Description of the task = Only one stretch of the listing below is wanted. Begin at the line that has "Queen Room with", stop after the line that has "Property image 27 of 34", and repeat every line in between exactly.

Exercise data =
****************
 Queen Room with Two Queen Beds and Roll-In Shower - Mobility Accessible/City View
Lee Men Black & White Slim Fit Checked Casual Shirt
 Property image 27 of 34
****************
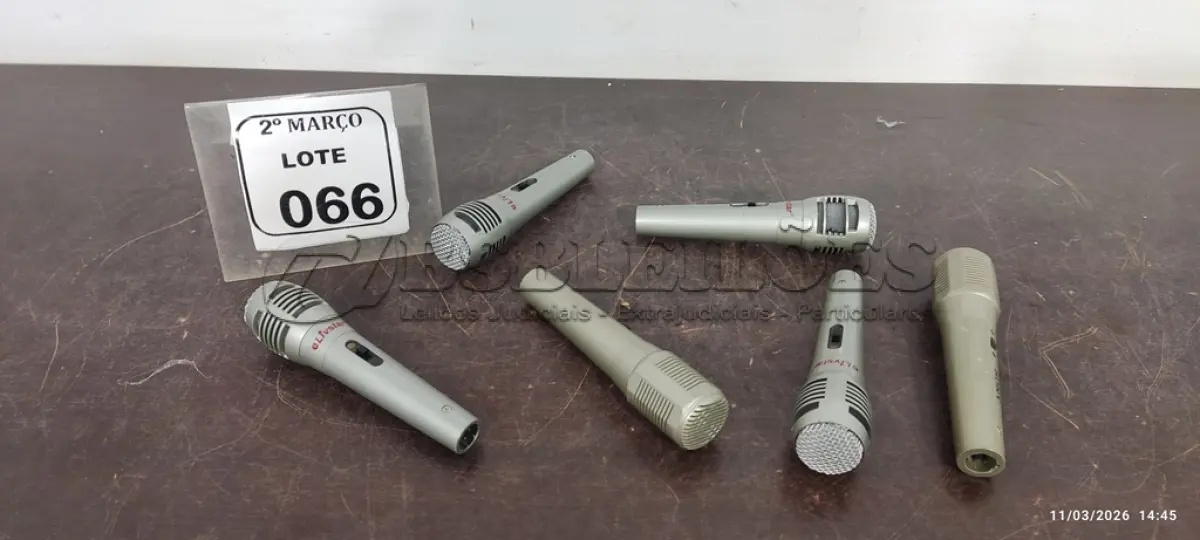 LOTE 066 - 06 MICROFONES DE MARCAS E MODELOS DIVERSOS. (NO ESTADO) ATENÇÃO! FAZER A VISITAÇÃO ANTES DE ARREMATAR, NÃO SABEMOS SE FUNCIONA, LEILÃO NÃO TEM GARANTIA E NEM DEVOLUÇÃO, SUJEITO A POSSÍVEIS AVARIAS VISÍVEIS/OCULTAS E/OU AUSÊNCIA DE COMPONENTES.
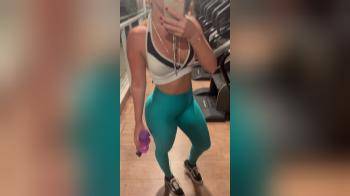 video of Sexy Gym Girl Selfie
****************
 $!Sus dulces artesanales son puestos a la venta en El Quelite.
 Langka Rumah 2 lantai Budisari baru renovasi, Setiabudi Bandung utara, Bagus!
****************
Task answer =
 Queen Room with Two Queen Beds and Roll-In Shower - Mobility Accessible/City View
Lee Men Black & White Slim Fit Checked Casual Shirt
 Property image 27 of 34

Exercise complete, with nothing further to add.